La ministre des Armées Florence Parly a, quant à elle, défendu la cohérence des choix gouvernementaux en faisant valoir une hausse immédiate de 5% du budget de la Défense pour 2019. Croyez-vous au « renouveau » promis par la ministre ?

Non, il n'y a aucun renouveau. Il y a une augmentation des crédits militaires, mais ce n'est pas un renouveau, c'est simplement prendre en compte le monde tel qu'il est, c'est-à-dire de plus en plus dangereux. On a du matériel qui arrive en fin de vie, donc il faut le renouveler. Et tant mieux, j'appuie l'idée que s'il y a bien un ministère où il faut faire des efforts, c'est celui-là. Mais il ne faut pas rompre le principe de l'interministérialité dans le domaine du financement des opex.

Quant au principe de sincérité budgétaire [qui implique l’exhaustivité, la cohérence et l’exactitude des informations financières fournies par l’État, ndlr], je regarde les années quand j'étais ministre du Budget de 2007 à quasiment 2010 : on était en dépassement de 300-350 M€. Cette année on est en dépassement de 550 M€. Il n'y a donc pas non plus une sincérisation qui ferait qu'aujourd'hui ce qui est mis en provision correspondrait très précisément à ce qui est dépensé. Ce n'est pas vrai. L'écart est plus important en 2018 qu'il ne l'était dans les années 2007 à 2010. D'ailleurs, nous avons nous-mêmes augmenté la part du budget des opex dans les crédits. En 2006, quand on a pris le pouvoir il était de 175 M€, en 2007 il est passé à 375 M€, puis à 460 M€, à 510 M€, à 570 M€, et enfin à 630 M€. Après Hollande l'a gelé, puis baissé, mais on a fait notre part du travail. Il y avait autant de sincérité sous Nicolas Sarkozy qu'il y en a aujourd'hui. Mais l'interministérialité finançait les dépassements, et ce n'est plus le cas aujourd'hui. Et si l'on considère qu'il reste 319 M€ qui ne sont pas dépensé sur l'équipement des forces et qui pourraient être basculés sur le financement des opex, c'est assez étonnant quand on sait combien nous avons besoin d'équipements. Il y a un chef d'État-major qui a démissionné pour cela tout de même.

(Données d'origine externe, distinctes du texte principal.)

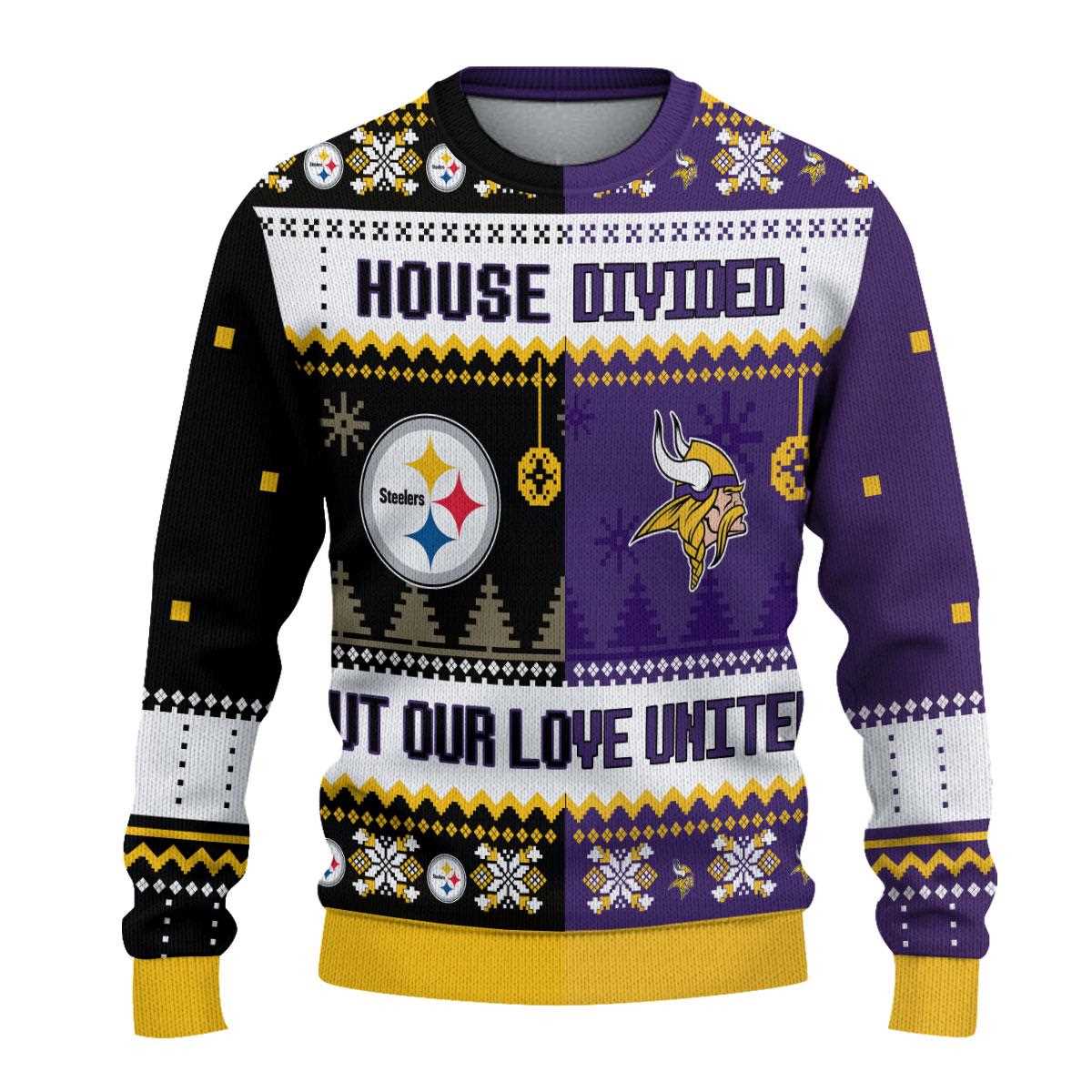 Pittsburgh Steelers Minnesota Vikings Nfl House Divided But Our Love United Ugly Christmas Sweater Pittsburgh Steelers Minnesota Vikings Nfl House Divided But Our Love United Ugly Christmas Sweater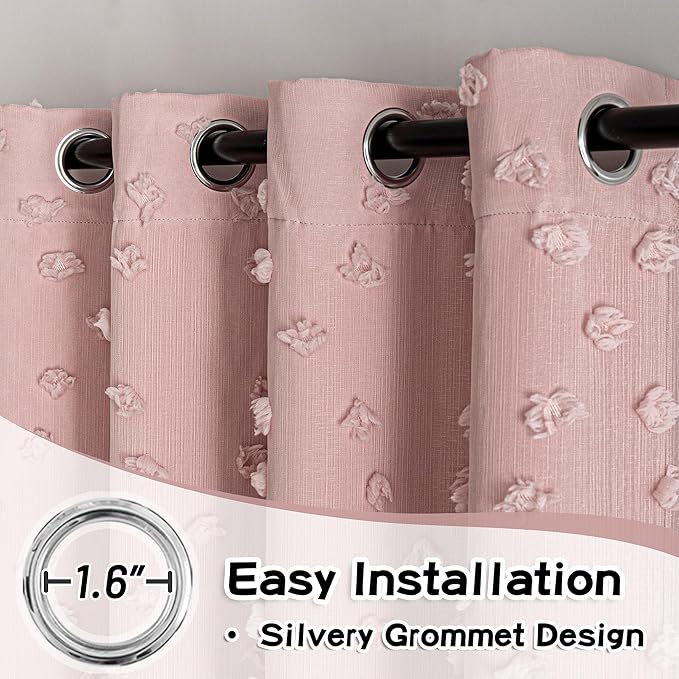 MYSKY HOME Pink Curtains for Bedroom 72 Inches Long Nursery Curtains Pom Pom Pink Sheer Curtains for Girls Room Double Layer for Toddler Bedroom Grommet Room Darkening Window Panels 52 x 72 Inch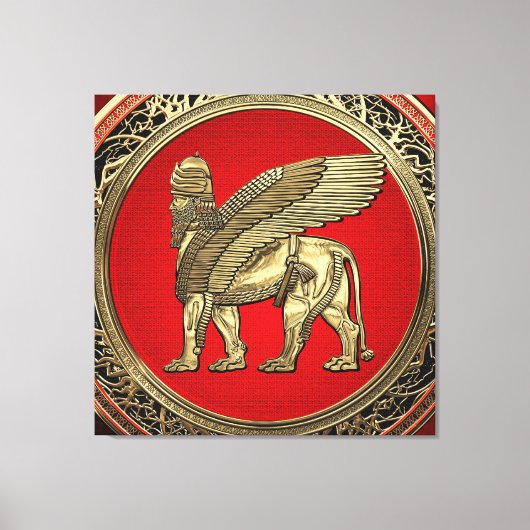 [900] Assyrian Winged Lion - Gold Lamassu Leinwanddruck (Vorderseite)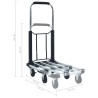 Carrello per Trasporto Pieghevole 150 kg in Alluminio Argento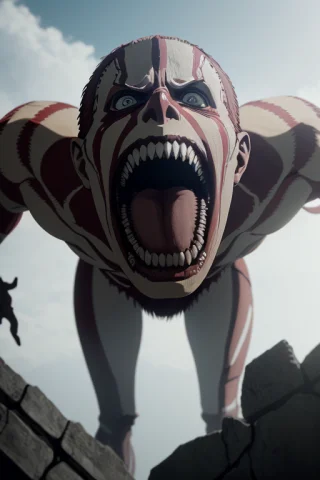 Super Closeup Shot Of Colossal Titanshingeki No Kyojin, Cine... — Stable Diffusion AI Prompt: super closeup shot of colossal titan\(Shingeki no Kyojin\), cinematic high angle...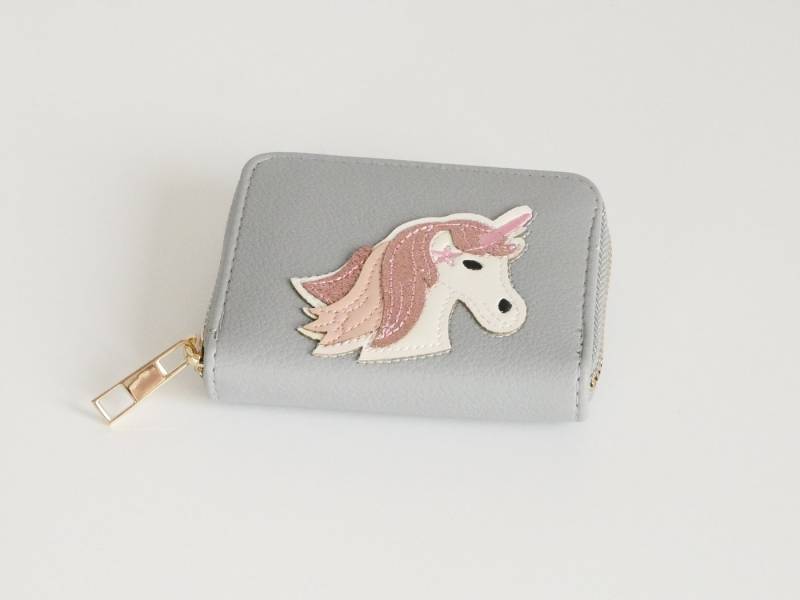 GlücksNugget Geldbörse Kinder Geldbörse Mädchen grau – süße Einhorn-Börse für Kinder von GlücksNugget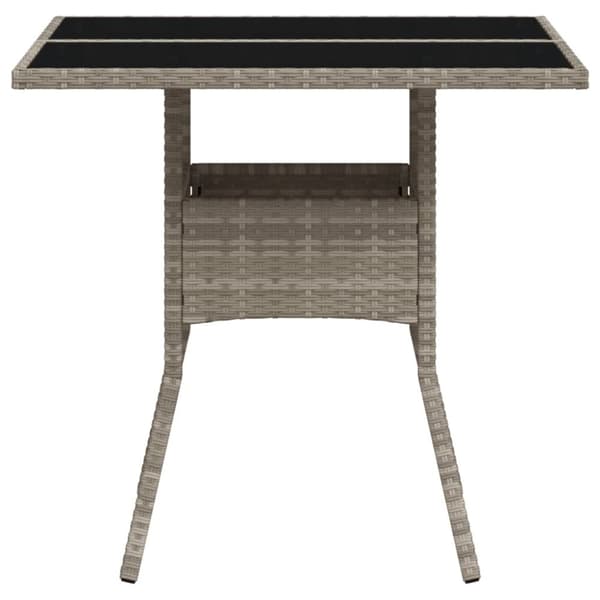 vidaXL havebord med glastop 80x80x75 cm polyrattan lysegrå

Le député LR François Cornut-Gentille, rapporteur spécial des crédits de Défense, a averti sur les « enjeux moraux et politiques » que présente le budget de la Défense. Cela résonne-t-il particulièrement dans le contexte du centenaire de l'armistice de la Grande Guerre et de l'organisation du Forum de Paris sur la paix ?

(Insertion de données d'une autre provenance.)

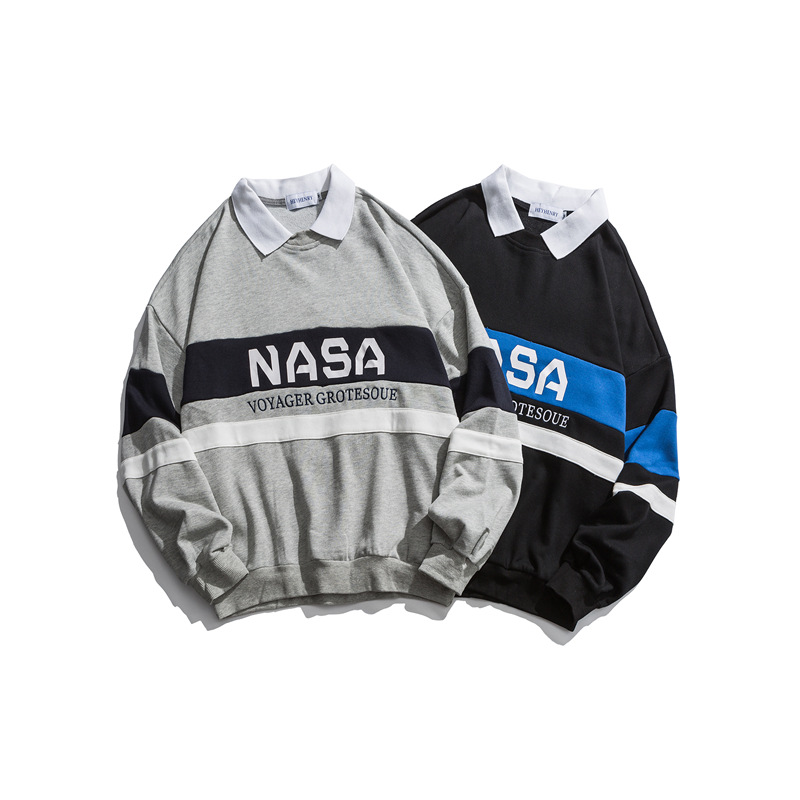 Autumn clothing women vintage polo pullover hoodie no pocket custom men grey pullover color block hoodie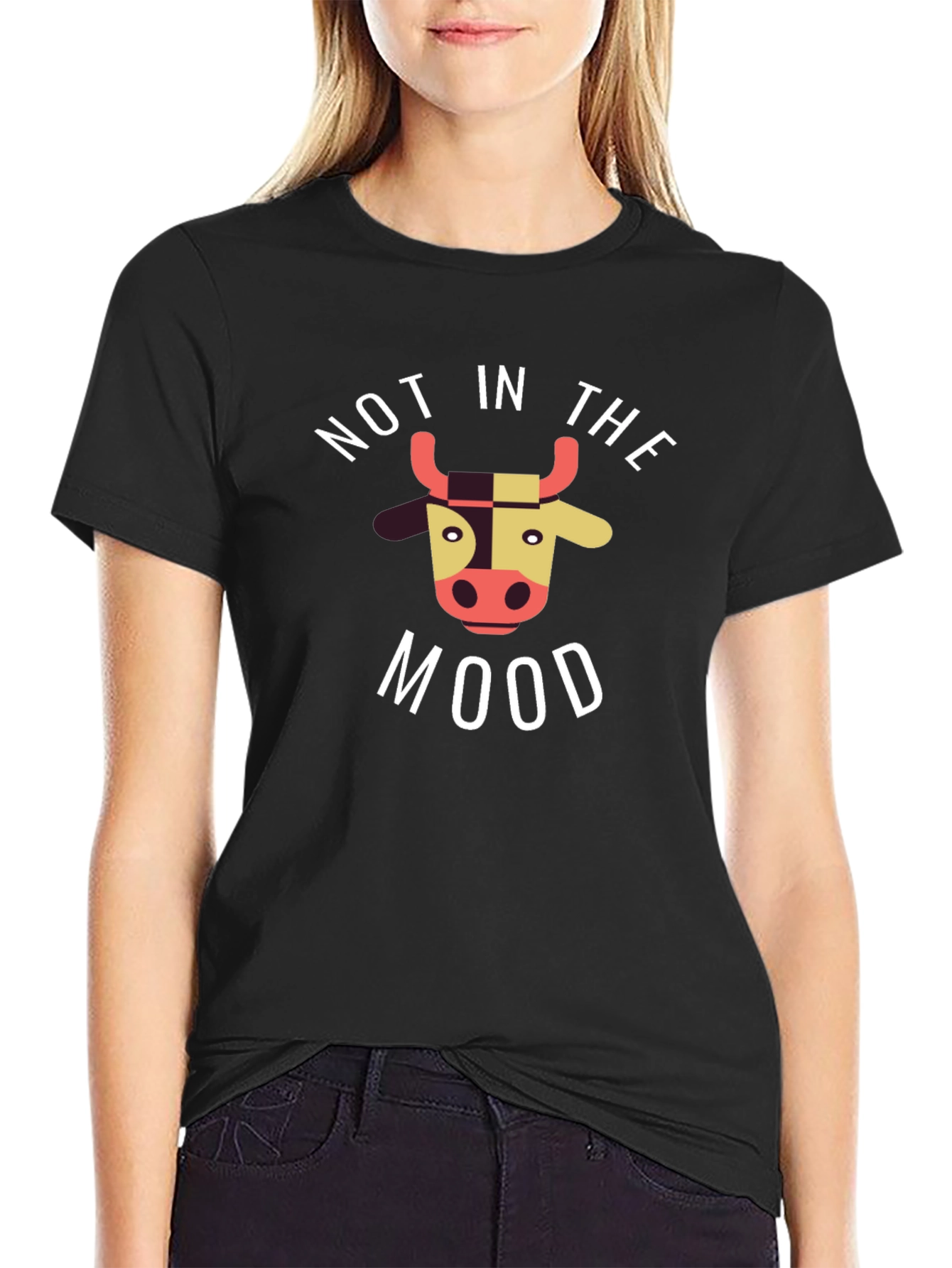 Not in the Mood Cow Graphic Tee - Black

La meilleure façon de préparer la paix, c'est banal mais c'est la réalité des choses, c'est de s'équiper, et d'avoir une armée qui assure notre souveraineté, tant sur le plan technologique, que militaire lui-même. On a besoin de crédits supplémentaires : l'armée français en est dotée, et c'est tant mieux. Mais ce n'est pas pour les utiliser à autre chose que ce pour quoi ils sont faits. Les opex, ce sont des opérations de guerres à l'extérieur, ce n'est pas la Première Guerre Mondiale, mais ce sont des opérations qui engagent beaucoup de matériel, beaucoup d'hommes, et parfois, avec des victimes parmi nos soldats. Ces opérations de guerre, pour la paix, dans des pays dangereux, et notamment contre les réseaux terroristes, ces opérations ne peuvent pas se faire sous l'enveloppe budgétaire de Bercy et sous l'enveloppe budgétaire de la Défense. Chacun doit y contribuer. Cela me semble être un principe extrêmement sain, et même assez fondamental. Rompre avec ce principe aussi brutalement, en contradiction avec la LPM, est une question morale en effet.